### Task details
Among the lines below, a stretch begins at the one with "ND license plate IBX278" and ends at the one with "Magnetiskt plånboksfodral i". Repeat that stretch exactly, ends included.

Given data Start Marker

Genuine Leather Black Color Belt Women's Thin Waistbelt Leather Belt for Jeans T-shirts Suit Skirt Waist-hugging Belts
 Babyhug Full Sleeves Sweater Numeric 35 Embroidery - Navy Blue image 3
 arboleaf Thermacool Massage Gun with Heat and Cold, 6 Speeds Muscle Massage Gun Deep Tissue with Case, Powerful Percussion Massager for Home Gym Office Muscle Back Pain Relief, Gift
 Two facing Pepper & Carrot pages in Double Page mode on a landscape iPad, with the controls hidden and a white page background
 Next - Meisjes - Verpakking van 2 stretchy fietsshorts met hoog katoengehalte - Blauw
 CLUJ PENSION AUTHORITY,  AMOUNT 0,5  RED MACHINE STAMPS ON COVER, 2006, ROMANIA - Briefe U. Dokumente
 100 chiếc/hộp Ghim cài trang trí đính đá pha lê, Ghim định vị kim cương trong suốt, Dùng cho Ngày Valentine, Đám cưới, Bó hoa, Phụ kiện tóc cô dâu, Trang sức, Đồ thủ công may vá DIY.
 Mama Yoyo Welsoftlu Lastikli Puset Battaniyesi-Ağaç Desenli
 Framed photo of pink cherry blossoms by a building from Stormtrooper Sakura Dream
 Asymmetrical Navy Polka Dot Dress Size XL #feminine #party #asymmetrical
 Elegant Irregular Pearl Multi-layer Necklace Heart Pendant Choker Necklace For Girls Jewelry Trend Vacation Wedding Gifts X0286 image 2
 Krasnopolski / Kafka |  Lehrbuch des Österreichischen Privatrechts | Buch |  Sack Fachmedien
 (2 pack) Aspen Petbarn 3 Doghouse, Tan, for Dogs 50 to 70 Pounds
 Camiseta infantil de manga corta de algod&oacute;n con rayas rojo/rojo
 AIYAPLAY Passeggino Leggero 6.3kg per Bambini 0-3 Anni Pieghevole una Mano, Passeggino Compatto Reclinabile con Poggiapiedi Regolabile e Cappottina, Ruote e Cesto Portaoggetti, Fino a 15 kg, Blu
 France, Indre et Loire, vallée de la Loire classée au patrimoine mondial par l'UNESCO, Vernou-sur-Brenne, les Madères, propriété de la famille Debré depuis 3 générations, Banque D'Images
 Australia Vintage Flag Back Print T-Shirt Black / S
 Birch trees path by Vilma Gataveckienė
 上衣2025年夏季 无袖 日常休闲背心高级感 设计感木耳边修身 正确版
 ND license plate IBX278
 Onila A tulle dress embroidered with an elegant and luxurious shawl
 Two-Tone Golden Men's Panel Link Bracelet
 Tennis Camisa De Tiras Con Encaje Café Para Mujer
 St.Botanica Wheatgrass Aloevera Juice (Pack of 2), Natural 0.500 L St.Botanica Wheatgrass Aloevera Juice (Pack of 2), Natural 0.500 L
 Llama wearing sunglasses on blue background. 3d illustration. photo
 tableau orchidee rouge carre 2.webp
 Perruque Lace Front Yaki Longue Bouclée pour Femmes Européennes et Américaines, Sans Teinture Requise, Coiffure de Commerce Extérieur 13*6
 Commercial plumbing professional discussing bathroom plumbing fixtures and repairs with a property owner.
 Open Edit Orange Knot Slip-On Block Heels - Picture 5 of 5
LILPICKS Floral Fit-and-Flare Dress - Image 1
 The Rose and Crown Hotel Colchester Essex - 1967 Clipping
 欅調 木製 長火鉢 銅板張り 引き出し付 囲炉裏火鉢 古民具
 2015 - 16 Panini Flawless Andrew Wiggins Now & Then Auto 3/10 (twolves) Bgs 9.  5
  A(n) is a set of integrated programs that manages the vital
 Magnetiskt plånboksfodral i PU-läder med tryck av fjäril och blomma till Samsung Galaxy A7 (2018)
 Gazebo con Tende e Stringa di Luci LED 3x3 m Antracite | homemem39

Given data End Marker

### Response
 ND license plate IBX278
 Onila A tulle dress embroidered with an elegant and luxurious shawl
 Two-Tone Golden Men's Panel Link Bracelet
 Tennis Camisa De Tiras Con Encaje Café Para Mujer
 St.Botanica Wheatgrass Aloevera Juice (Pack of 2), Natural 0.500 L St.Botanica Wheatgrass Aloevera Juice (Pack of 2), Natural 0.500 L
 Llama wearing sunglasses on blue background. 3d illustration. photo
 tableau orchidee rouge carre 2.webp
 Perruque Lace Front Yaki Longue Bouclée pour Femmes Européennes et Américaines, Sans Teinture Requise, Coiffure de Commerce Extérieur 13*6
 Commercial plumbing professional discussing bathroom plumbing fixtures and repairs with a property owner.
 Open Edit Orange Knot Slip-On Block Heels - Picture 5 of 5
LILPICKS Floral Fit-and-Flare Dress - Image 1
 The Rose and Crown Hotel Colchester Essex - 1967 Clipping
 欅調 木製 長火鉢 銅板張り 引き出し付 囲炉裏火鉢 古民具
 2015 - 16 Panini Flawless Andrew Wiggins Now & Then Auto 3/10 (twolves) Bgs 9.  5
  A(n) is a set of integrated programs that manages the vital
 Magnetiskt plånboksfodral i PU-läder med tryck av fjäril och blomma till Samsung Galaxy A7 (2018)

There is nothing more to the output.